How does India Energy Week reflect India’s commitments on energy transition and achieving its net-zero goals?
As India accelerates its efforts to achieve its target of net-zero emissions by 2070, one of the key priorities of India’s G20 Presidency is to devise solutions for the future global energy transition, because India’s energy transition will play a pivotal role in global energy markets.
India is undertaking an ambitious journey of energy transition to achieve its net-zero target by 2070. In fact, about $60 billion worth of investments are underway in the country in setting up the infrastructure – pipelines, terminals, regasification facilities and so on. However, for the transition to be enduring and stable it is imperative that the accessibility and affordability aspects of energy remain intact.
These are the aspects that will be in the spotlight at India Energy Week, the pre-eminent platform that embodies India’s energy ambitions, showcasing it as a global powerhouse for energy transition and a hub that brings together the international energy industry.

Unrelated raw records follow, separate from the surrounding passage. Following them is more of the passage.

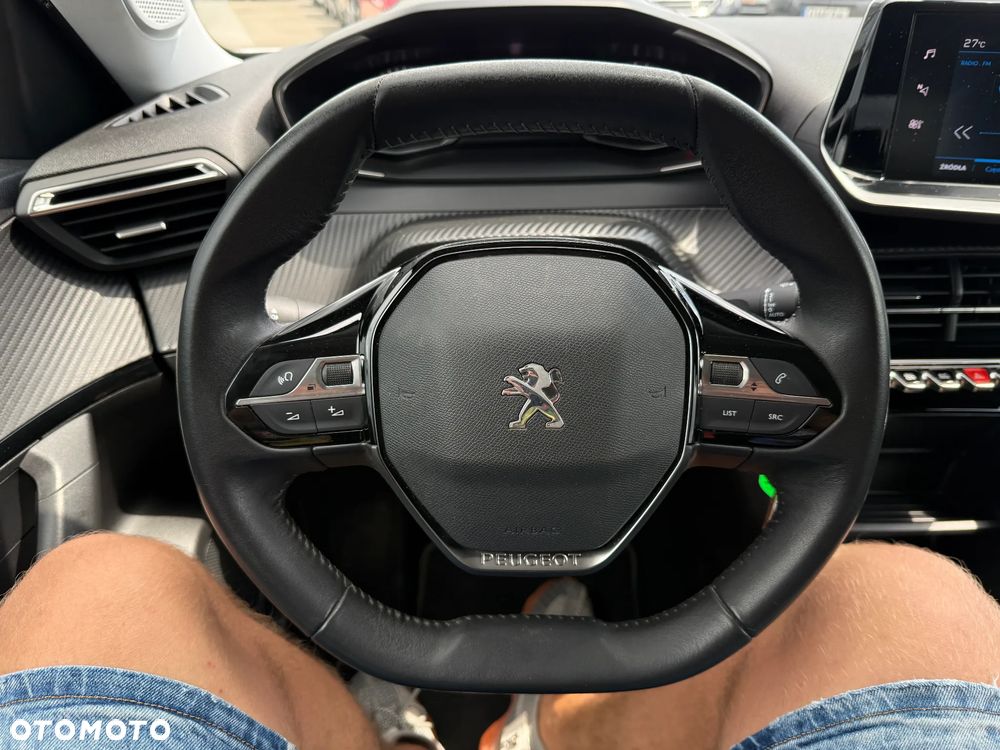 Peugeot 2008 PureTech 100 Style - 11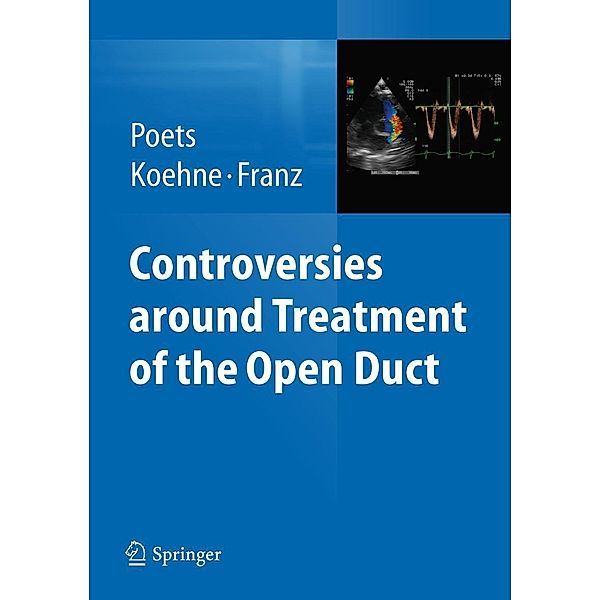 Controversies around treatment of the open duct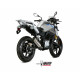 Exhaust Mivv GP Pro - BMW G 310 GS 2017 /+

Under its Presidency of G20, India has also called for a Global Biofuel Alliance. What does such an alliance seek to achieve?
On the lines of the International Solar Alliance that India launched in 2015 along with France, we would like to utilise our G20 Presidency to set up an international biofuels alliance to promote clean and affordable energy. We already have enough countries globally which are producing biofuels – in fact, the major producers of biofuels are all members of G20. So if we can get the ecosystem working around it in terms of the standards, the flexi-fuel engines and so on, I think we are on our way to setting up an international alliance.
In the initial stages, such an alliance would focus on the sharing and transfer of technology for the production of biofuels from advanced feedstock as well as second and third generation biofuels. In India, we already have plans to build 12 bio-refineries to produce fuel from items including crop stubble, plant waste and municipal solid waste. The time for biofuels and clean energy has certainly come, and a Global Biofuel Alliance can make that into a reality.
India recently approved a US$2.3 billion plan to become the global hub for green hydrogen. What are your thoughts on this ambitious programme?
India is destined to become the global hub for cleaner energy that includes green hydrogen, and this funding plan is yet another instance of the enabling environment created by the government to stimulate growth and innovation in the energy sector. The idea is to make green hydrogen affordable and bring down its cost over the next five years, as well as help India lower its emissions and become a major exporter in the field. This ambitious financing will also add about 125 gigawatts of renewable energy capacity by 2030.
Given the work already done in moving ahead on green hydrogen, both in terms of producing for India and the export market, the 5 million metric tonnes (MMT) per annum target looks quite conservative. But the ultimate success of green hydrogen will also depend on factors such as market demand and the production capacity to meet that demand.
What are your thoughts on the inaugural India Energy Week being hosted in Bengaluru?
I am deeply delighted that the first India Energy Week is taking place in the Garden City of Bengaluru – a city synonymous with the spirit of innovation, technology, entrepreneurial talent and start-ups, particularly in the energy sector. Bengaluru is known globally for its research and development centres, and we welcome the global energy industry to explore the vibrant spirit of this pioneering city that embodies India’s age-old motto of Vasudhaiva Kutumbakam – the World Is One Family.